Menurut Fu, beberapa anak muda menemukan ikatan kekeluargaan di dalam gereja, yang tidak ditemukan di rumah mereka sendiri. “Kami mempunyai program bernama Makan Malam Bersama Para Penatua di mana pasangan-pasangan berusia 50an tahun membuka rumah mereka bagi kaum muda untuk makan malam dan bersekutu bersama mereka.”

Clement Ong, 29 tahun, bergabung dengan gereja tersebut saat ia berusia 16 tahun, setelah berpartisipasi dalam acara perkemahan pelajar di SMA Anglikan. Saat ini Ong melayani di pelayanan kaum muda. Ia mengamati bahwa dalam beberapa keluarga berpenghasilan ganda, sistem dukungan terhadap anak telah bergeser dari keluarga inti ke keluarga gereja.
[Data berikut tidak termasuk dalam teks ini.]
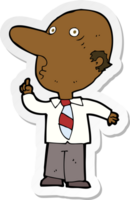 sticker van een cartoon kale man die een vraag stelt png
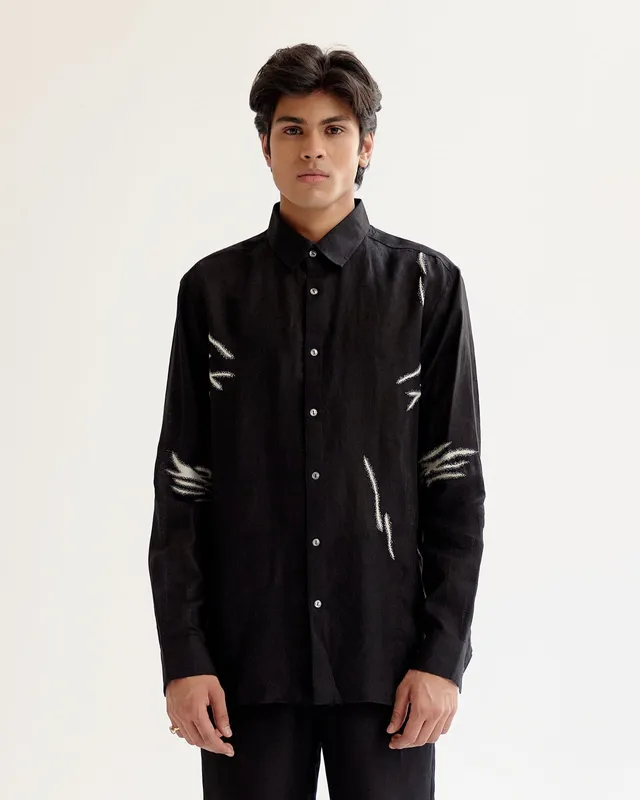 COUNTRYMADE Shirts Embroidered Wrinkle Shirt chemise en lin brodée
“Dengan adanya Instagram dan media sosial, kami para pemimpin juga lebih peka terhadap kehidupan generasi muda,” kata Ong. “Saat kami melihat kabar terbaru di media sosial mereka, kami akan menyapa mereka lebih sering, mengirimkan pesan teks, dan bertemu langsung untuk makan bersama.”

Namun teknologi ini memiliki sisi lain. Fu mencatat bahwa banyak pandangan dunia anak muda yang terbentuk melalui ponsel pintar mereka.

“Apa yang mereka ketahui tentang teman-temannya berasal dari stori-stori di Instagram dan video TikTok,” kata Fu. “Beberapa remaja sebenarnya merasa canggung dalam situasi sosial karena kebanyakan dari mereka berkomunikasi secara virtual.”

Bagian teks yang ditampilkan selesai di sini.